Libya has been teetering on the edge of economic collapse for a couple of years now, and may have just made a narrow escape, right when the World Bank issued a dire warning about its future fortunes. The danger is not over yet, however, as so much depends on the continued political stability of the North African country.
Two years ago, civil war-torn Libya suffered a blow when the Petroleum Facilities Guard, a local militia, took control over its four export terminals in the so-called Oil Crescent. From that moment up until this September, Ras Lanuf, El Sider, Zueitina, and Brega were under the control of the militia, which used them as a means of extorting money from the available authorities, effectively suspending oil exports from the country.
Things changed this September, when the Libyan National Army took over the four ports and handed control over to the National Oil Company. Operations at some fields that were previously shut down by the PFG also restarted and, as of this week, Libya boasts daily production of 580,000 barrels.
That figure is almost equal to the World Bank’s 600,000-bpd forecast for Libya’s oil output at end-2017, under a scenario where the Government of National Accord wins the trust of the House of Representatives – the alternative authority based in Tobruk, in eastern Libya. What the World Bank did not factor in, apparently, was the possibility that NOC, the GNA, and the Tobruk-loyal LNA under General Khalifa Haftar would join forces to restore the country’s oil industry.

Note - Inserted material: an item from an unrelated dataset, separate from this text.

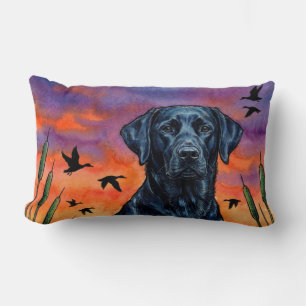 Oreiller de jet Black Lab Sunset Duck Hunting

Some Libya analysts see Haftar as a key figure in the process of unification. The general has had a long and colorful career in politics, from a Gaddafi loyalist to one of the frontmen of the 2011 uprising. He has won the appreciation of Libyans by stifling the threat posed by the Islamic State. And, according to both experts and Libyan citizens, his ultimate goal is to take control of the country.

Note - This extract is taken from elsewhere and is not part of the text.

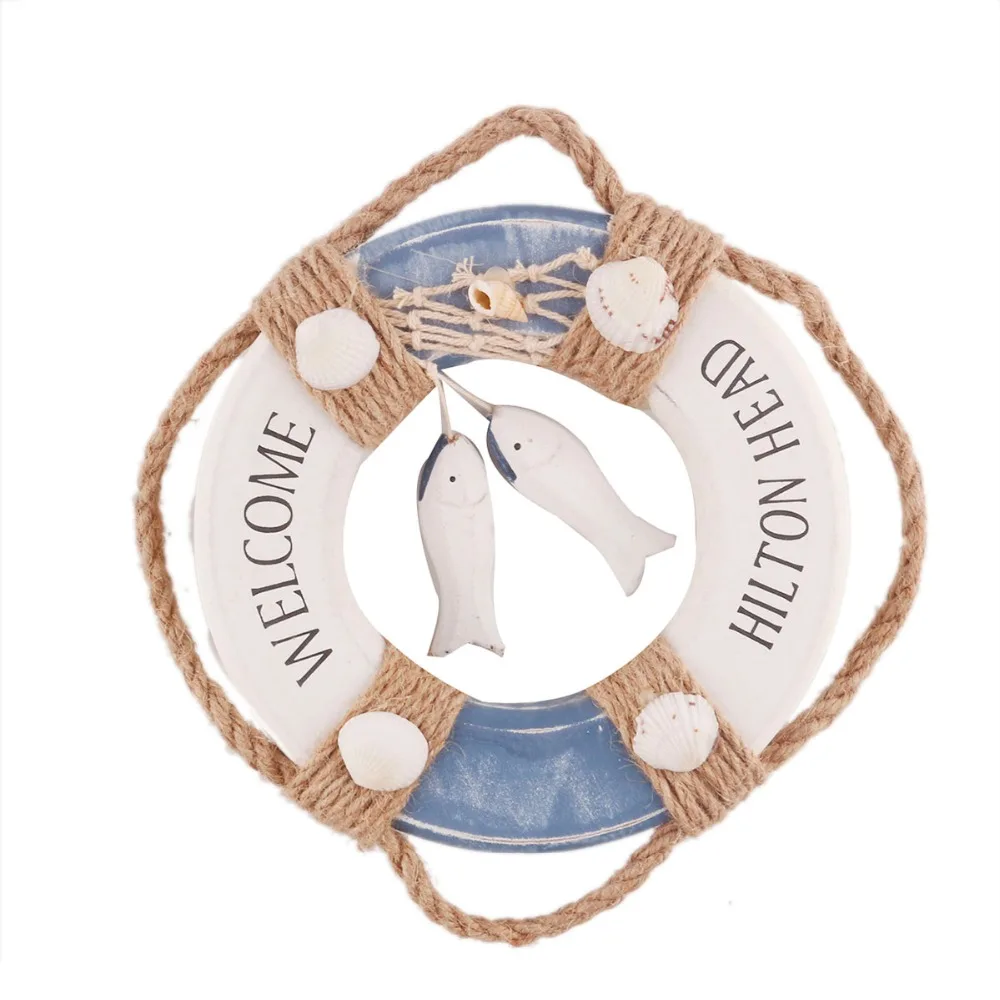 Морской деревянный спасательный круг декоративный для дома пляжа двора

It is with this goal in mind, according to Libya expert Jason Pack, that Haftar handed over control of the oil terminals to NOC and channeled the money to the central bank in Tripoli, the HQ of the GNA. As a result, GNA Prime Minister Fayez al-Sarraj pledged, in late September, to grant Haftar representation in the new ministerial lineup that will follow a vote of no confidence from the House of Representatives.
“We have no other choice but dialogue and reconciliation,” Al-Sarraj was quoted as saying in an interview for AFP. Indeed, dialogue is the only way for the rival forces in Libyan politics to get the country back on its feet, and this seems to have taken priority over their fight for control, at least temporarily. How long this priority lineup will survive is an open question.
Already there is reason for increased tensions between Haftar and the GNA, after Al-Sarraj decided to give the defense ministry to another military man, Ibrahim al-Barghathi. The significance of this move becomes clearer in light of earlier reports that Haftar was the person who made sure that the House of Representatives voted down Al-Sarraj’s initial ministerial lineup.
It seems that the UN-backed Government of National Accord may need to make more concessions to the LNA and the House of Representatives if it is to get their support, and General Haftar’s. This support, as the World Bank’s report suggests, is urgently needed as Libya’s economy is a shambles, desperate for oil cash, as Libya has virtually no other source of income besides its crude oil reserves.
The problem with oil cash is that it’s a double-edged sword. The moment it starts flowing, political tensions are likely to heighten, as rival factions seek greater access to the public coffers. The likelihood of this happening will be much lower if the GNA and HoR manage to forge a solid mutually beneficial agreement, ensuring that all the major stakeholders are happier with it than any alternative. How achievable this is, however, remains uncertain.